In the context of this debate, lines of research have emerged precisely around the concept of rereading to propose innovative interpretations of the literary past. Among them, we want to highlight those referring to the critical review wich has been developed by Digital Humanities. The application of new technologies to humanistic analysis has undoubtedly revolutionized the way in which we read, interpret and interact with literary works. Over the last years, the concept of rereading has served to designate a process of critical textual revision that could eventually influence the formation of a new extended canon. Nevertheless, nowadays it serves to provide today’s readers and researchers a brand new form of access to authors and texts which were no longer read and now have been recovered.

Complutense’s research group La Otra Edad de Plata (LOEP) has witnessed all these methodological changes that are taking place in the humanities sphere as a result of the technological revolution. Furthermore, the aforementioned group intends to participate in the digital rereading of the Silver Age through the project eLITE-CM, with the aim of constructing textualities that can satisfy the digital natives. In addition, it allows to recover the voices of forgotten authors of this literary period. With this project we want to demonstrate our commitment to Research, Development and Innovation (R + D + i), including the Information and Communication Technologies for Development as one of the most significant challenges of our working group.

Objective

In response to these new reading habits that the Digital Revolution has brought to the current panorama, the LOEP group of research has had as objective within the project eLITE-CM the development of three collections of forgotten texts of the Silver Age, rescued through digitization and enriched by computer programs, with the intention of exploring new resources that hypertext offers to philologycal studies in the Digital Age (Sanz and Romero, 2007).

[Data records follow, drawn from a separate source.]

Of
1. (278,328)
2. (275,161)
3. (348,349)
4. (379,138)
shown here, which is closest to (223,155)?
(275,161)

To achieve our goals, it has been taken into account that dematerialization of cultural heritage linked to digitization leads, necessarily, to new representations of cultural objects (Vinck, 2018: 73), which now overcome their physical limitations to become universally accessible through the Internet. This transformation, within the scope of text editing, implies a reconsideration of the book as a knowledge disseminator (Lucía Megías, 2012: 18) that now assumes characteristics such as transmediality or interactivity, which should be reinterpreted from an hermeneutic and phenomenological point of view, as part of a new perspective on the Reception theory linked to the field of Digital Humanities. Indeed, in terms of cultural dissemination, the enrichment of texts with images, sounds, concept maps, geolocators, hyperlinks, thematic transversality with other arts, etc. modifies the traditional concept of personal reading (understood as a unidirectional, silent and intimate situation), which now becomes interactive. If Bajtin (1975) considered that the literary work already constitutes a polyphony of voices, now the text enters into dialogue with the voices of the world that speak to us from the network.

With this regard, it has also been an objective of the project to expose and evaluate the research results of our interactive collections. Therefore, this new dialogue established between the readers and the literary work has been analyzed as well. For this, data has been collected, not only from the users of the National Library of Spain’s website, but also from a wide number of students that have used our editions within a context of meaningful teaching in the classroom. As a result of this practical experience, some theoretical reflections will be offered. The main one is that the benefits that digital reading brings to the user on a cognitive level follow the five principles of what can be called a smart reading: Simplicity, Motivation, Accessibility, Recycling and Transference to the global community. In this sense the smart reading entails an innovative way of learning within a close-knit community that reaches high levels of thinking and emotional engagement to access knowledge, according to Edward D. Hess and Katherine Ludwig (2017).

Our Collections

Taking this into consideration, “La Edad de Plata interactiva” has carried out three collections of interactive books from the Silver Age linked to different topics, which will allow readers to access knowledge about this period through points of view not so widely considered by canonical historiography: 1) The Modern Woman in the Silver Age Literature; 2) Children’s Literature in the Silver Age; 3) Madrid in the Silver Age Literature.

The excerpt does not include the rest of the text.